We have a couple of parameters which have been added to this example and might be new to you. Don't worry! I will explain all of them. The first parameter is defType, which tells Solr which query parser we will be using (dismax in our case). If you are not familiar or would like to learn more about dismax, http://wiki.apache.org/solr/DisMax is where you should go! One of the features of this query parser is the ability to tell Solr which field should be used to search for phrases, and this is achieved using the pf parameter. The pf parameter takes a list of fields with the boost that corresponds to them, for instance, pf=title^100 which means that the phrase found in the title field will be boosted with a value of 100. The q parameter is the standard query parameter which you might be familiar with. In our example, we passed the words we are searching for using AND operator. Through our example we are looking for the documents which satisfy '2012' AND 'report' equation, also known as occurrences of both '2012' and 'report' words found in the title.

Tip

You must remember that you can't pass a query such as fieldname: value to the q parameter and use dismax query parser. The fields you are searching against should be specified using the qf parameter.

Prioritizing your document in search results


You might come across situations wherein you need to promote some of your products and would like to find those on top of other documents in the search result list. Additionally, you might also need to have such products flexible and define exclusive queries applicable only to these products and not to the others. To achieve so, you might think of options such as boosting, index time boosting, or probably some special field. Don't worry! Solr will help you out via this section using a robust component known as QueryElevationComponent.

As QueryElevationComponent is biased to specific documents, it impacts the overall search process for other documents. Thus, it is recommended to use this feature only when it is required.

First of all, let us add the component definition in the solrconfig.xml file, which should look like this:

<searchComponent name="elevator" class="solr.QueryElevationComponent" > 
<str name="queryFieldType">string</str> 
<str name="config-file">elevate.xml</str> 
</searchComponent>

Now we will add the appropriate request handler that will include the elevation component.
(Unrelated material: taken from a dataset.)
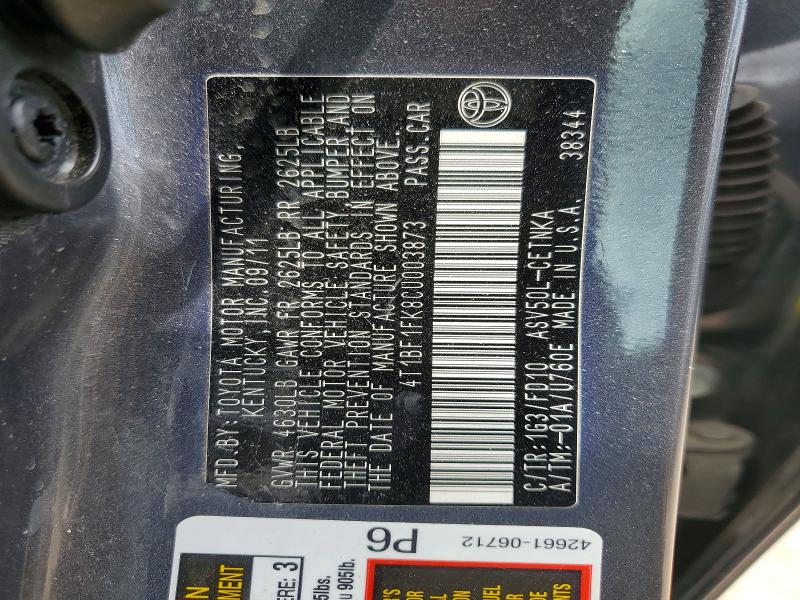 2012 Toyota Camry მანქანა იყიდება აუქციონზე, vin: 4T1BF1FK8CU003873, აუქციონის ნომერი: 50143706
We will name it /promote it, due to the fact that this feature is mainly used to promote your document in search results. Add this to your solrconfig.xml file:

<requestHandler name="/promotion" class="solr.SearchHandler"> 
<arr name="last-components"> 
<str>elevator</str> 
</arr> 
</requestHandler>

You must have noticed a mysterious file, elevate.xml that has been included in the query elevation component, which actually contains the following data and are placed in the configuration directory of the Solr instance.

<?xml version="1.0" encoding="UTF-8" ?> 
<elevate> 
<query text="solr"> 
<doc id="3" /> 
<doc id="1" /> 
</query> 
</elevate>

Here we want our documents with identifiers 3 and 1 to be on the first and second position respectively in the search result list.

Now it is time to add the below field definition to the schema.xml file.

<field name="id" type="string" indexed="true" stored="true" required="true" /> 
<field name="name" type="text" indexed="true" stored="true" />

The following are the data which have been indexed:

<add> 
<doc> 
  <field name="id">1</field> 
  <field name="name">Solr Optimization</field> 
</doc> 
<doc>
  <field name="id">2</field> 
  <field name="name">Solr Monitoring</field> 
</doc> 
<doc> 
   <field name="id">3</field> 
   <field name="name">Solr annual report</field> 
</doc> 
</add>

Now, it's time to run the following query:

http://localhost:8080/solr/promotion?q=solr

If you get the following result, you can be assured that your query worked out successfully:

<?xml version="1.0" encoding="UTF-8"?> 
<response> 
<lst name="responseHeader"> 
<int name="status">0</int> 
<int name="QTime">1</int> 
<lst name="params"> 
<str name="q">solr</str> 
</lst> 
</lst> 
<result name="response" numFound="3" start="0"> 
<doc> 
<str name="id">3</str> 
<str name="name">Solr annual report</str> 
</doc> 
<doc> 
<str name="id">1</str> 
<str name="name">Solr Optimization</str> 
</doc> 
<doc> 
<str name="id">2</str> 
<str name="name">Solr Monitoring</str> 
</doc> 
</result> 
</response>

In the first part of the configuration, we have defined a new search component (elevator component in our case) and a class attribute (the QueryElevationComponent class in our case). Along with these, we have two additional attributes that define the elevation component behavior which are as follows:

  • queryFieldType: This attribute tells Solr which type of field should be used to parse the query text that is given to the component (for example, if you want the component to ignore letter case, you should set this parameter to the field type that makes its contents lowercase)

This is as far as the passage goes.